Retype the data that follows, keeping every character the same.

Information provided.
⁂

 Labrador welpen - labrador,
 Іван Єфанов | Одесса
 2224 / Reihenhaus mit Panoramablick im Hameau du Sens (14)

⁂

Result of the exercise.
 Labrador welpen - labrador,
 Іван Єфанов | Одесса
 2224 / Reihenhaus mit Panoramablick im Hameau du Sens (14)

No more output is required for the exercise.